# Motorhome Vanished!



## V-Dog (May 10, 2012)

On returning to the CDS, after a short spell in Portugal, I recently parked up my UK motorhome in a private car park, across from a friends apartment, only to return less than two weeks later to find it had vanished one afternoon! 

As I had left the vehicle here on a few occasions over the last 18 or so months without problem, along with the car park being off road, I was sure it must have been stolen but on calling the local 'car pound' I was informed they had collected the vehicle as per the instructions of the local police!

I have since called & attended at the police station only to be told something similar to - people in the relevant department are currently unavailable at this time, please call / come back later! On pressing a bit further I was told not too worry as the matter isn't serious!

Could anyone here advise as to what grounds the police could possibly have for acting as they have on this occasion. 

Thanks in advance


----------



## Overandout (Nov 10, 2012)

There is currently a big isue about motorhome parking in Spain with many motoring groups fighting against unclear laws about when a motorhome is considered as a "parked motorvehicle" and when it is considered as a "temporary accommodation".

The police are extremely over zealous in many areas because they are (rightly) trying to enforce the rules that say you can only "camp" at authorised sites. Not on any public or private land that is not authorised.

Yours has probably been deemed by the police to be "camped", not "parked" and has therefore been removed. Only you can know if you have broken any of the many rules that are in place that allow the police to distinguish between the two scenarios.

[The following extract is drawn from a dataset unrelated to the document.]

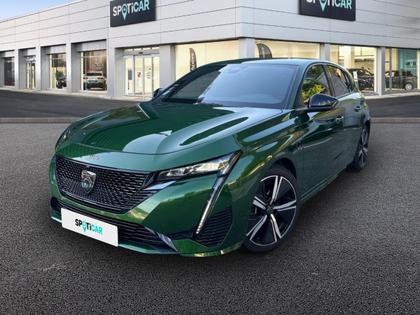 Peugeot 308 III Phase 1 - PHEV 180 E-EAT8 GT - 24 990 €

From memory here are some of the actions that owners / drivers take that legally change the status from "parked" to "camped":

Any furniture outside
Any extendable awnings / roofs extended
Any inbuilt stabilizers / levelling legs deployed
Any wheel chocs used
Any fresh or foul water containers in use
Any accessories, sky lights, windows which protrude from the external confines of the bodywork.

There are many more, but you will need to check on them and make sure you can prove that none of the factors that turn it from a parked vehicle to a camping accommodation were present when the police removed it. As you were not in, or even near the vehicle I doubt you would have been guilty of many or any of these, but it is easy to get caught out, and the police are also very confused about the law.

This is of course if that is their reason to have removed it, but I would say that it is very likely.

You may be able to get help from RACE or RACC or some other automotive organisation in Spain.


----------



## Overandout (Nov 10, 2012)

Servicios Jurídicos Ibenses Autocaravanas: ¿aparcadas o acampadas?

Here is a link to a legal services site that will point you to the appropriate legislation.


----------



## V-Dog (May 10, 2012)

Thanks you very much Overandout for the very intersting and helpful advice you have provided. 

Although I am quite certain I haven't acted in anyway that could see the vehicle deemed to be 'camped' I believe this legisltation and over zealous police actions are most likely the explanation for this unfortunate occurrence.

The only other explanation I could think of was due to the vehicle no longer having a tax disc and an over zealous police officer acting without being unaware of the fact they are no longer required / provided for UK vehicles.


----------



## Pesky Wesky (May 10, 2009)

V-Dog said:


> Thanks you very much Overandout for the very intersting and helpful advice you have provided.
> 
> Although I am quite certain I haven't acted in anyway that could see the vehicle deemed to be 'camped' I believe this legisltation and over zealous police actions are most likely the explanation for this unfortunate occurrence.
> 
> The only other explanation I could think of was due to the vehicle no longer having a tax disc and an over zealous police officer acting without being unaware of the fact they are no longer required / provided for UK vehicles.


I really don't think it would be anything to do with a tax disc as that has nothing to do with Spanish regulations and doubt if most police over here ever knew anything about them.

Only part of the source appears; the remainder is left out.